When Adam and Eve sinned they were cursed to struggle for survival, to have difficulties in their relationships, including with each other, and to eventually die. Why is the world in its present royal mess? The short answer is: sin. The sacrificial system was never fully effective, but it served to remind the people of Israel of the importance of holiness and that God is holy. The limited effectiveness of the sacrificed animals had to be addressed by the absolute effectiveness of Jesus himself. John knew the nature of Jesus’ mission at the very beginning of that mission. The name “Lamb of God” proclaims the good news that God has provided a means to resolve the ancient and horrible curse of sin that has separated God’s people from him.

Seven hundred years before Jesus was born, the prophet Isaiah wrote the following: 

Who has believed what he has heard from us?                                                                                           And to whom has the arm of the Lord been revealed?                                                                                  For he grew up before him like a young plant,

and like a root out of dry ground;                                                                                                                     he had no form or majesty that we should look at him,                                                                                and no beauty that we should desire him.

He was despised and rejected by men,

a man of sorrows and acquainted with grief;

and as one from whom men hide their faces

he was despised, and we esteemed him not.

Surely he has borne our griefs

and carried our sorrows;

yet we esteemed him stricken,

smitten by God, and afflicted.

But he was pierced for our transgressions;

he was crushed for our iniquities;

upon him was the chastisement that brought us peace,

and with his wounds we are healed.

All we like sheep have gone astray;

we have turned—every one—to his own way;

and the Lord has laid on him

the iniquity of us all.

He was oppressed, and he was afflicted,

yet he opened not his mouth;

like a lamb that is led to the slaughter,

and like a sheep that before its shearers is silent,

so he opened not his mouth.

By oppression and judgment he was taken away;

and as for his generation, who considered

that he was cut off out of the land of the living,

stricken for the transgression of my people?

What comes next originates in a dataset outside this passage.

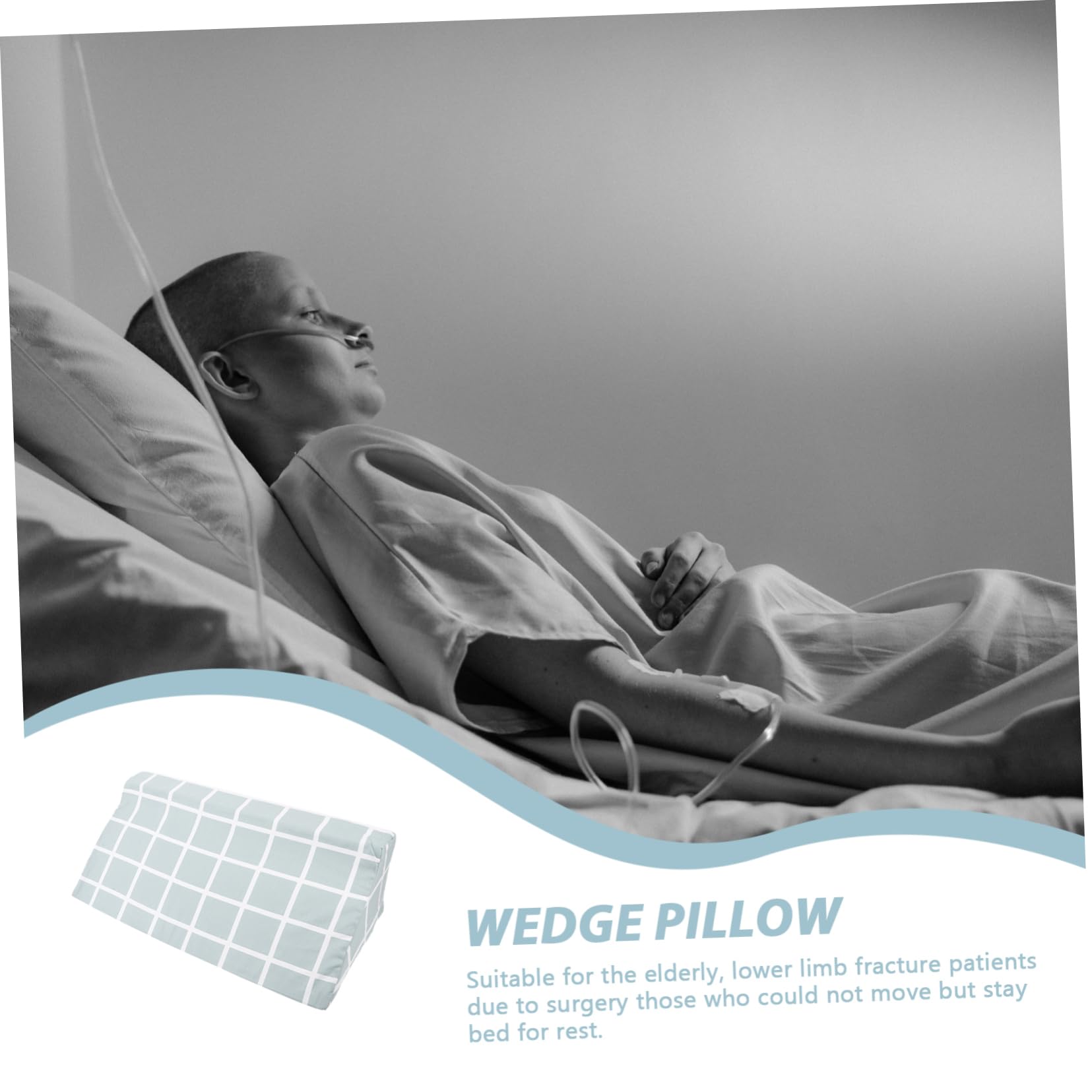 Ipetboom Cuña Pacientes de Espuma para Personas y en Alta Densidad para Multifuncional Almohada Triangular Cama Descanso Mayores en Reposo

And they made his grave with the wicked

and with a rich man in his death,

although he had done no violence,

and there was no deceit in his mouth.

Yet it was the will of the Lord to crush him;

he has put him to grief;

when his soul makes an offering for guilt,

he shall see his offspring; he shall prolong his days;

the will of the Lord shall prosper in his hand.

Out of the anguish of his soul he shall see and be satisfied;

by his knowledge shall the righteous one, my servant,

make many to be accounted righteous,

and he shall bear their iniquities.

Therefore I will divide him a portion with the many,

and he shall divide the spoil with the strong,

because he poured out his soul to death

and was numbered with the transgressors;

yet he bore the sin of many,

and makes intercession for the transgressors.

John’s statement that Jesus was God’s means for making atonement for sin was audacious. But then he made an even more audacious statement, though this one was not necessarily understood by his listeners. John proclaimed that Jesus’ rank was greater than his because Jesus “came before” him. Luke makes it clear that John was at least 6 months older than Jesus. In Luke, chapter 1, verse 31, we learn that in the sixth month of Elizabeth’s pregnancy, the angel, Gabriel, informed Mary that she would conceive a child by means of the Holy Spirit. So John is older and yet he said, “he was before me.” 

How could Jesus, born after John, have been before him? The answer is provided by Elizabeth, who testified about Jesus when he was in the womb, “…and why is this granted to me that the mother of my Lord should come to me?” (Luke 1.43). Who can serve as a sacrificial substitute for the sins of the world? Who can exist before he is born? Both questions have the same answer: the Lord God.